• _EXERCISE INSTRUCTIONS_
Give the listing again, word for word, and let no picture into it.

• _PROVIDED MATERIAL_
==========

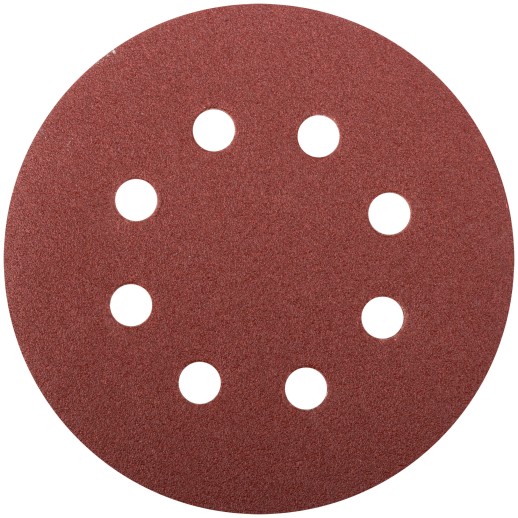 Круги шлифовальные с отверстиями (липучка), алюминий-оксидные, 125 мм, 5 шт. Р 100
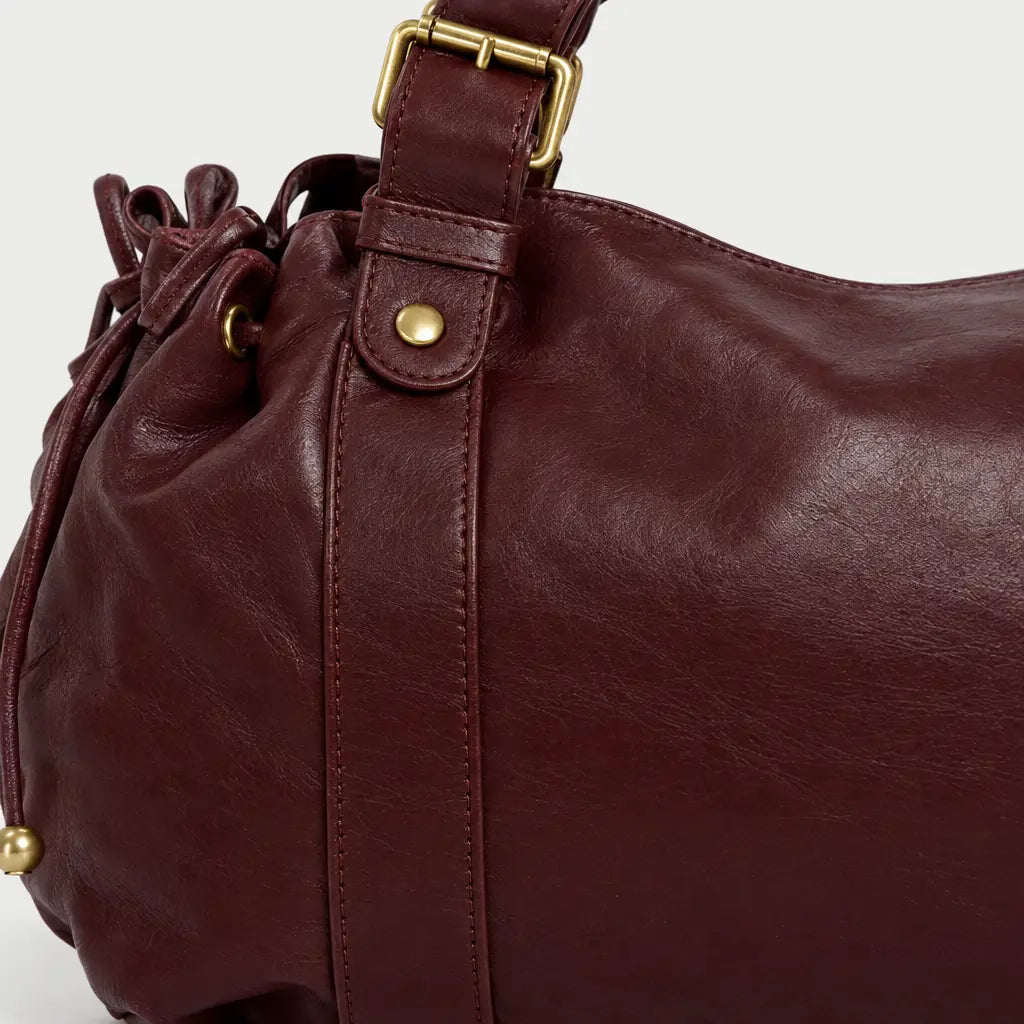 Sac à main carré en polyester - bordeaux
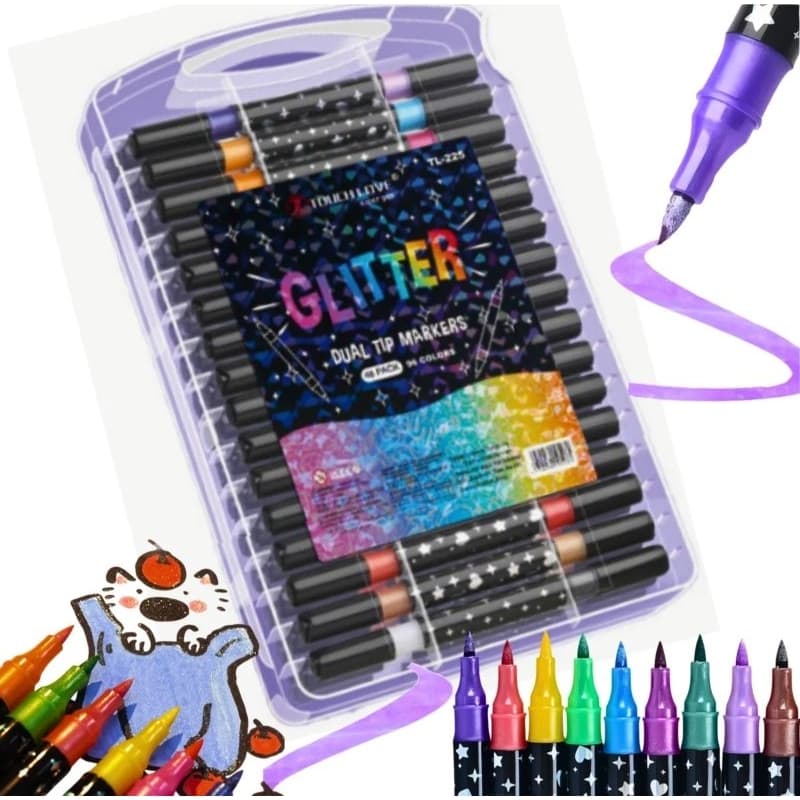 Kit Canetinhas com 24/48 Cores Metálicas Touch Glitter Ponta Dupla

==========

• _SOLUTION TO THE PROBLEM_
 Круги шлифовальные с отверстиями (липучка), алюминий-оксидные, 125 мм, 5 шт. Р 100
 Sac à main carré en polyester - bordeaux
 Kit Canetinhas com 24/48 Cores Metálicas Touch Glitter Ponta Dupla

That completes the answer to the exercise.